31 maggio 2015 – A imporsi tra i post del mese di maggio è quello leopardiano, Leopardi e la vanità del tutto, con uno dei più celebri e intensi testi dei Canti, A se stesso.

Al secondo e al terzo posto del podio odierno, dopo l’Ottocento magnificamente rappresentato da Giacomo Leopardi, ancora la poesia italiana, ma del Novecento primo e secondo, con due classici che non hanno bisogno di presentazioni che ne garantiscano in qualche modo al lettore la qualità e il valore storiografico: Carlo Betocchi e Giuseppe Ungaretti, rispettivamente con Sono un uomo che muore. Anniversario Betocchi e Ungaretti, la guerra, i fratelli.

Menzioni d’onore per un autore che tanto raccoglie consensi (giustamente) all’interno del nostro blog, Rainer Maria Rilke, e per un altro beniamino delle Notizie di poesia che risponde al nome di Aldo Palazzeschi: poeti segnalati rispettivamente per Declinazioni del Tu. Rainer Maria Rilke e Palazzeschi e il poeta sepolto vivo.

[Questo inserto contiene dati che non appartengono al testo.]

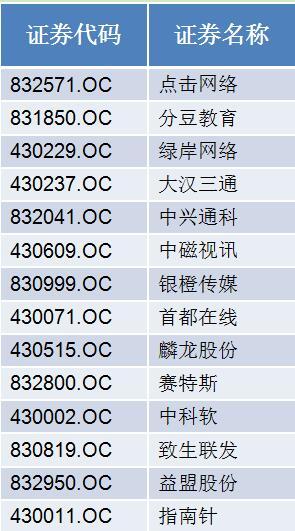 澳门最准的资料免费公开-精选解析与落实的详细结果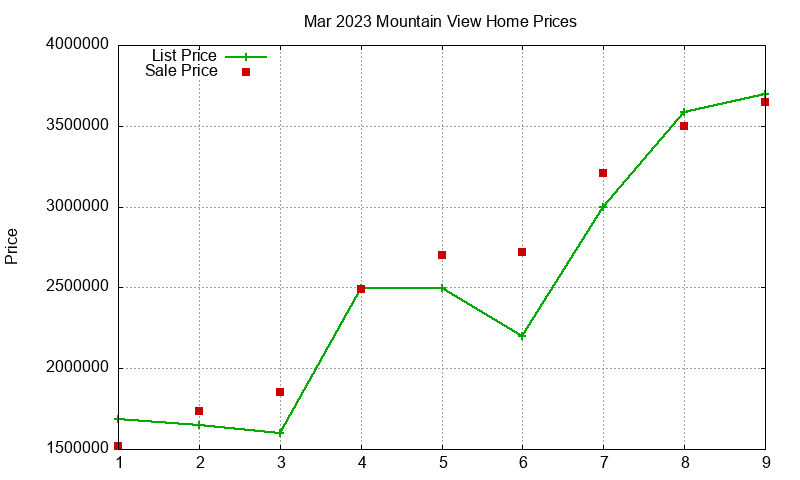 Mountain View Homes Just Sold 2023-03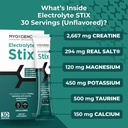 myoxcience-electrolyte-stix-creatine-ele-4.jpg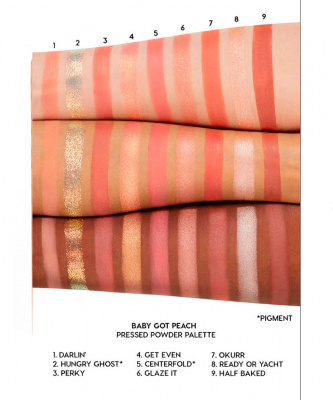 Палетка теней Colourpop - Baby Got Peach Shadow Palette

Rileggete Sei il futuro, Tu e Postille, due testi così diversi che ci dimostrano tra l’altro come la poesia possa essere, restando poesia, le più disparate cose!

Tra i commenti dedicati al post leopardiano risultato vincitore, selezioniamo oggi quello di Elisabetta Biondi Della Sdriscia che convincentemente nota, con sensibilità e strumentazione tecnica parimenti notevole cooptate nel giudizio: “Brevi e frammentate, soprattutto nella prima parte, quasi sussurrate, come ci suggerisce l’allitterazione ripetuta dei fonemi ‘s’ e ‘p’, sono le parole del poeta, a cui il ripetersi del suono aspro del fonema ‘r’ conferisce anche risentita amarezza. Al ritmo spezzato e franto del verso si contrappone, però, il suo ripetuto inarcarsi sul verso successivo, quasi a dilatare la validità delle asserzioni fatte, a voler sottolineare il passaggio dalla dimensione personale a quella universale, filosofica. Al poeta resta, amara, la consolazione di aver compreso ‘l’inganno estremo’, di aver capito che ‘ascoso, a comun danno impera’ un’entità malvagia (Arimane?) e che ‘Al gener nostro il fato/ non donò che il morire’. Ora può distaccarsi da tutto e da tutti. Sconsolato, ma immenso“.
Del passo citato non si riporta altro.